A Tree In Brooklyn ne cesse en réalité d'asséner le même message, à travers des épisodes troublants, injustes ou déchirants de la vie de Francie.
La vie n'est pas juste.
La vie n'est pas juste, et ce roman le montre avec une honnêteté, une clarté et même une intransigeance assez inoubliables.
La vie n'est pas juste, mais on peut tout de même trouver des moyens de se faire justice.
Francie l'apprend vite : quoi qu'elle fasse, les riches seront privilégiés, les garçons passeront en premier, et les filles de Brooklyn comme elle avec leur accent différent, leur allure déchevelée et leur histoire familiale compliquée auront toujours à se battre davantage. Mais ce n'est pas pour autant qu'elle est démunie. Comme le roman l'affirme avec de plus en plus de force et d'émotion, Francie a de la ressource, elle rusera autant qu'il le faudra, avec son frère et sa mère surtout, et elle s'imposera.
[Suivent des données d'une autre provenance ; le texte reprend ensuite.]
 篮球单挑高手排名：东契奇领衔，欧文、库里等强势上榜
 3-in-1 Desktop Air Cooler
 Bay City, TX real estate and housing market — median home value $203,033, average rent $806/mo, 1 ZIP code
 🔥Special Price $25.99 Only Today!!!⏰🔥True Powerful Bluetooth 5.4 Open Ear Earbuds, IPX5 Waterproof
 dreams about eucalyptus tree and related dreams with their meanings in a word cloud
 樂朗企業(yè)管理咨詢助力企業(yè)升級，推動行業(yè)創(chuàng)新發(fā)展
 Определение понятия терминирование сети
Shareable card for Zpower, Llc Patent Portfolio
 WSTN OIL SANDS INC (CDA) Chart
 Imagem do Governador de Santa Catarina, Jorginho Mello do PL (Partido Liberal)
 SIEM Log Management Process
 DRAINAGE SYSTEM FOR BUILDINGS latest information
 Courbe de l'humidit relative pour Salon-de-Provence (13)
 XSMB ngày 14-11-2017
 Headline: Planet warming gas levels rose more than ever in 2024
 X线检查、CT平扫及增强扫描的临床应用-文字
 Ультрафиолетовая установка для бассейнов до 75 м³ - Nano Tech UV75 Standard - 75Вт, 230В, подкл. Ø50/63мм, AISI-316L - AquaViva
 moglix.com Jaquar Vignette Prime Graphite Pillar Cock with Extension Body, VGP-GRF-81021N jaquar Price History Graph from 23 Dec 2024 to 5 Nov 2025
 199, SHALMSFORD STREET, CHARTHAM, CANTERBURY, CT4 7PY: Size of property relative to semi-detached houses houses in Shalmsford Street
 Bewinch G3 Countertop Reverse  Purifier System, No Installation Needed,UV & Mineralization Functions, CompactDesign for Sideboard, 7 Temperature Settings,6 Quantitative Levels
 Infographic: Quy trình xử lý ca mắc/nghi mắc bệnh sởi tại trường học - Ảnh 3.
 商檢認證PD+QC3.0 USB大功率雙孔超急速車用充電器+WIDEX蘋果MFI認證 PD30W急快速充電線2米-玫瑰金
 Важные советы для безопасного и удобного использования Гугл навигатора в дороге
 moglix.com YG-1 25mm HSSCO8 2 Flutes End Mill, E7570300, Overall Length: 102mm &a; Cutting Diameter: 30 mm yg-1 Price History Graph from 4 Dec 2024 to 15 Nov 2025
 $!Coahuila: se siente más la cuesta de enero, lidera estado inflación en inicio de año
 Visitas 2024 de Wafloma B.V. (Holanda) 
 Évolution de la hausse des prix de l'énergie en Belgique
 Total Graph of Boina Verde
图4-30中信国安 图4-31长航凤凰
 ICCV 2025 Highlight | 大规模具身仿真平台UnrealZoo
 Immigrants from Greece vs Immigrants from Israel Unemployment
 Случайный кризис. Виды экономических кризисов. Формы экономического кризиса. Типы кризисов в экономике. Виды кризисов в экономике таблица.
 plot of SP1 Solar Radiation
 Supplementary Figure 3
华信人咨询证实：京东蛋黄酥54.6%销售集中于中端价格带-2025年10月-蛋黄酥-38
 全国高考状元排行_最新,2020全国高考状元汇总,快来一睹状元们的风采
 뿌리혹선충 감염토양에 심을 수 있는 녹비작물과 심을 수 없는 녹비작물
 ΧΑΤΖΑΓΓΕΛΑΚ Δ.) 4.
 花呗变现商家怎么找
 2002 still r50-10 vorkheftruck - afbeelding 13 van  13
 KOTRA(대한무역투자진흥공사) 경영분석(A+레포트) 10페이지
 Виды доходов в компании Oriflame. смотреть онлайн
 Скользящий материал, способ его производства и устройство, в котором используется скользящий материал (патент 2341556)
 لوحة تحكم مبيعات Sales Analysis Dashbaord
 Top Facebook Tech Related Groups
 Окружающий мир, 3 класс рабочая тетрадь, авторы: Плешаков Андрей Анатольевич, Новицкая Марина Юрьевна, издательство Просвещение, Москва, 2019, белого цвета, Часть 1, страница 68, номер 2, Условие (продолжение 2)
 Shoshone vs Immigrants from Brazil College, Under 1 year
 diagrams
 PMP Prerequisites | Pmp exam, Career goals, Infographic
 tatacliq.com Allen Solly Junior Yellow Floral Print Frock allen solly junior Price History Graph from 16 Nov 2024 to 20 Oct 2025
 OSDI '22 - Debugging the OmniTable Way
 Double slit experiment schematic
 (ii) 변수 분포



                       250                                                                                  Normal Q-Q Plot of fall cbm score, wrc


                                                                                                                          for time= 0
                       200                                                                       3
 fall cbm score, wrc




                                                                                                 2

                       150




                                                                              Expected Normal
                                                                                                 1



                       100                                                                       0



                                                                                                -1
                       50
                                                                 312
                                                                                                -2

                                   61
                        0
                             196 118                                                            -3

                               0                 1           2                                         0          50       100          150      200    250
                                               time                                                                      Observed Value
Ce roman est donc loin d'être une lecture facile, et ce malgré son style en apparence tout simple et son histoire chronologique assez facile à suivre. Le récit regorge de détails dans lesquels on se perd parfois un peu, n'offre pas de rythme égal ni même vraiment structuré, déroule en réalité sa trame de la façon la plus fidèle possible à l'existence de Francie : sans concessions, sans aménagements, dans la simple et dure vérité de son quotidien. Et c'est sans doute aussi et surtout pour ça que le charme opère et que l'on s'accroche à cette jeune fille avec une force incroyable : parce qu'on a connu avec elle le pain qu'elle achetait au coin de la rue, les heures qu'elle passait à marcher pour aller à l'école, les petits salaires ouvriers qu'elle a péniblement alignés et l'âge sur lequel elle a tant menti, parce qu'on a attendu et espéré avec elle, parce qu'on a connu les changements de Brooklyn, parce qu'on a entendu son argot et aimé ses habitants. Parce qu'on s'est battu avec elle, un peu. Parce qu'on a grandi. Parce qu'on a vécu, tout simplement.